Des soldats dégagent une route à Bamenda, le 8 décembre 2016. | © REUTERS/Stringer

Aucun stratège politique, fut-il le plus ingénieux, le plus astucieux, n’aurait été crédité “d’habile ou de courageux”, en allant organiser une manifestation politique à Bamenda au lendemain d’une action sociale sur fond de grève des avocats et des enseignants dans cette ville dont on est sensé ne pas ignorer ses particularismes en matière des revendications à caractère politique.

Le rassemblement démocratique du peuple camerounais (RDPC), parti au pouvoir a posé cet acte sans adresse.

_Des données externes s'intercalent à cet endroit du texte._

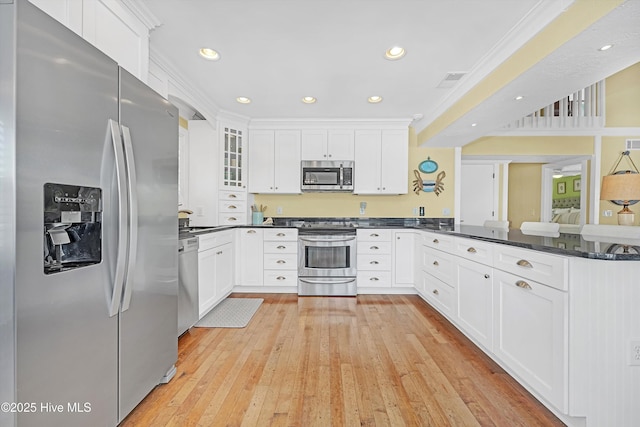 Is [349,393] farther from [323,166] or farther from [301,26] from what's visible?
[323,166]

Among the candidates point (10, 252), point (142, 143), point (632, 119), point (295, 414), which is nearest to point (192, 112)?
point (142, 143)

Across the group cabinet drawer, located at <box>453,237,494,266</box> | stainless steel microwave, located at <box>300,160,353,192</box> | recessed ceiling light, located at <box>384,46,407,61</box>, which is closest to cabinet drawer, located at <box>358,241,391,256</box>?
stainless steel microwave, located at <box>300,160,353,192</box>

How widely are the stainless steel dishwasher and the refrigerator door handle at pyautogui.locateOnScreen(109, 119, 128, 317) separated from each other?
42.3 inches

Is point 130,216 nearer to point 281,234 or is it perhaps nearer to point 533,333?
point 533,333

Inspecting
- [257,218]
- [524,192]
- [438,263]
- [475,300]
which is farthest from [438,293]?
[524,192]

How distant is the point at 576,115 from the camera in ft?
15.5

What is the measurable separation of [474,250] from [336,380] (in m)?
1.44

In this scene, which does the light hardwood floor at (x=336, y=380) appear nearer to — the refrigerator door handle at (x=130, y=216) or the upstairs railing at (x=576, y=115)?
the refrigerator door handle at (x=130, y=216)

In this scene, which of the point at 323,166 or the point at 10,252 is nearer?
the point at 10,252

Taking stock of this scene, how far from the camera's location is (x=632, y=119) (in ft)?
15.5

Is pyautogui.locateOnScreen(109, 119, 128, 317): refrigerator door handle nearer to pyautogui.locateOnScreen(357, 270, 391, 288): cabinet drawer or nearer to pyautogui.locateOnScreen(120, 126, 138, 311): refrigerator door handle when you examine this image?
pyautogui.locateOnScreen(120, 126, 138, 311): refrigerator door handle

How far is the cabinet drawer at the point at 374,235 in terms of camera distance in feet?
13.1

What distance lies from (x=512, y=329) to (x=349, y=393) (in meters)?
1.09

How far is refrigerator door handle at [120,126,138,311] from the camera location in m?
1.40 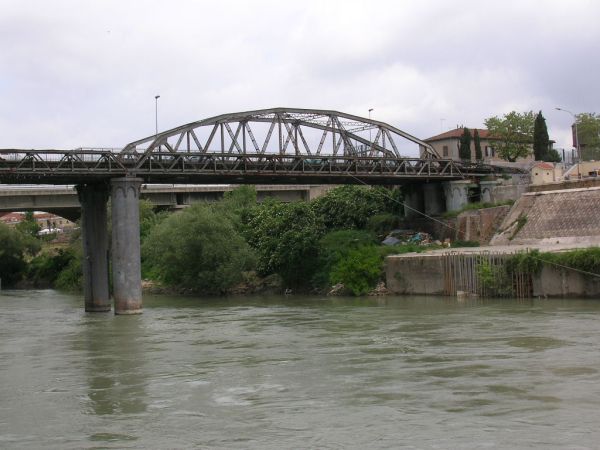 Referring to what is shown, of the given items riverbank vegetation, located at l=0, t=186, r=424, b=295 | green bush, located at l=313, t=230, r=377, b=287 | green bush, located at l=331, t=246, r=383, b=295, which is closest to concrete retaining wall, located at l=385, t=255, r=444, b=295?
green bush, located at l=331, t=246, r=383, b=295

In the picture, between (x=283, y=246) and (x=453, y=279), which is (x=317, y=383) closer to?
(x=453, y=279)

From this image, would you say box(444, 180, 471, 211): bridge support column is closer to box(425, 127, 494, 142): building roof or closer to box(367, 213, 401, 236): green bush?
box(367, 213, 401, 236): green bush

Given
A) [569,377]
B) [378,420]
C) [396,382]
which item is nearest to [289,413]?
[378,420]

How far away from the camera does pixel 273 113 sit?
68.4m

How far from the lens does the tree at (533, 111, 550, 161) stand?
92.8m

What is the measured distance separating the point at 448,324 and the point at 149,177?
28739mm

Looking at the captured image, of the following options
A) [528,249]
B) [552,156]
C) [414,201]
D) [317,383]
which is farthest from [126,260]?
[552,156]

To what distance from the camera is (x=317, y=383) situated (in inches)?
918

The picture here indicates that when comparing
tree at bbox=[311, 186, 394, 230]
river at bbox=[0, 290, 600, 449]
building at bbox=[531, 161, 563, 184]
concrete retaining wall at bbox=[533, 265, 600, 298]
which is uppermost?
building at bbox=[531, 161, 563, 184]

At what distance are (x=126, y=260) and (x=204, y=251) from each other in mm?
17292

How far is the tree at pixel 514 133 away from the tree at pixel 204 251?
41586 mm

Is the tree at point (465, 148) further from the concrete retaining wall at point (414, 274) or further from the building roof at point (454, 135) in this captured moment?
the concrete retaining wall at point (414, 274)

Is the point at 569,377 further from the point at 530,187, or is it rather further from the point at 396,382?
the point at 530,187

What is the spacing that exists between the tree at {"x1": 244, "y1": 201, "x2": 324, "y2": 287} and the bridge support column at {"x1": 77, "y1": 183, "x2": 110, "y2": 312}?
16.6 metres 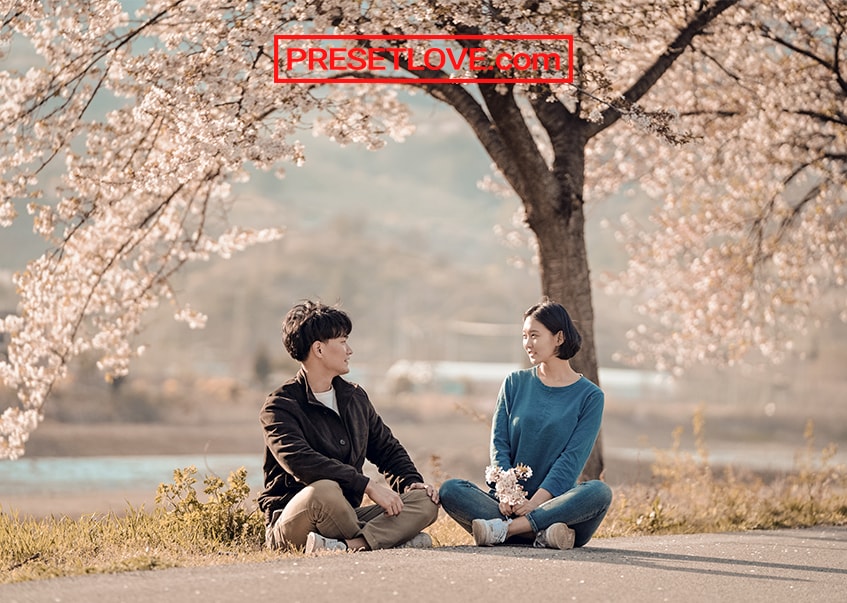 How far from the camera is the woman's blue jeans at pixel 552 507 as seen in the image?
6727mm

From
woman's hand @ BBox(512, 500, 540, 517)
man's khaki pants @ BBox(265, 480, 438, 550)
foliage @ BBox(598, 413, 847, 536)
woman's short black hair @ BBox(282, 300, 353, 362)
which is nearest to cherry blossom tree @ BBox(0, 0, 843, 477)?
foliage @ BBox(598, 413, 847, 536)

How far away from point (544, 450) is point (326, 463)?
1442 mm

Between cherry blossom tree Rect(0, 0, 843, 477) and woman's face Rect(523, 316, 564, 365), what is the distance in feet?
7.48

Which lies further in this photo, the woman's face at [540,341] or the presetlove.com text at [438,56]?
the presetlove.com text at [438,56]

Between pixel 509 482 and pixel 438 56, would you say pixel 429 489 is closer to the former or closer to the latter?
pixel 509 482

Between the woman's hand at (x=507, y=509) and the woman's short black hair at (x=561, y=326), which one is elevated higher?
the woman's short black hair at (x=561, y=326)

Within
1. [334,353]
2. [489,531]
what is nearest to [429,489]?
[489,531]

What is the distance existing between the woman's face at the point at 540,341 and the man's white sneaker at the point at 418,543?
4.16 feet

Il l’a fait sans mesure. Il l’a fait pour une démonstration de force. Il l’a fait pour donner la preuve de son ancrage même dans des zones où il est contesté. Il l’a fait aussi par provocation politique. Le résultat est là : il a contribué à occasionner mort d’homme, peu importe le nombre des décès déclarés par chaque camp.

Quel que soit le bout par lequel nous connaîtrons l’épilogue de ces incompréhensions et de ces affrontements, le RDPC ne s’en sortira pas auréolé, bien au contraire, il va perdre en valeur d’estime. Il se serait évité cette énième maladresse, teintée de déficit de timing. Depuis la première décennie de la réunification du Cameroun, à partir de 1961 précisément, les deux régions du sud-ouest et du nord-ouest de notre pays qui ont l’anglais pour langue d’expression en commun, ont régulièrement manifesté des revendications de tout genre. Il leur a toujours été rétorqué à juste titre que tout est négociable en république, sauf l’unité nationale. Le Cameroun est indivisible. Il faut que cela soit enseigné dans des écoles de base.

Il faut que cela soit retenu par tous comme un dogme. Il faut que ce principe fondamental soit admis et contemplé comme un totem national. Une fois ces bases établies, en république et surtout en démocratie, tout est discutable, tout est négociable. Les problèmes que posent les enseignants, les avocats, les étudiants sont-ils des réalités visibles et palpables ? Si oui, pourquoi n’en discute-t-on pas ? Qui a dit que l’Etat, même le plus centralisé qui soit, détienne seul la vérité biblique ? Ce sont des humains qui ont conçu les règles de fonctionnement de l’Etat jacobin dont le Cameroun se veut être l’un des raréfiants néo- archétypes. Ce sont aussi de l’autre côté, des êtres humains à la tête pensante, qui font des revendications sociales puisées de leur vécu quotidien.

Alors, sans esprit condescendant astucieux, sans préjugés aucun, les uns et les autres devraient accepter de s’asseoir au bout d’une table, se regarder dans les yeux et esquisser des solutions aux problèmes que les leaders d’opinion sont parfois obligés de porter dans la rue, faute d’interlocuteur gouvernemental ou de volonté politique de discuter. Le gouvernement camerounais a opté depuis longtemps pour la posture et le discours de la peur : il considère les débats avec les représentants politiques ou sociaux comme une forme de faiblesse de l’Etat.

Il présente le fédéralisme comme le spectre de la division. Pourtant, à voir de plus près, il existe de part et d’autre des éléments très positifs pour le développement multisectoriel de ce pays. Il suffit d’informer, d’expliquer et d’éduquer les Camerounais de tout cela, on se ferait une économie d’affrontement. On éviterait au RDPC dans son zèle débordant, un mélange de genre qui ressemblerait au cafouillage, voire à une incapacité de savoir-faire ce qu’il y a de vrai à faire.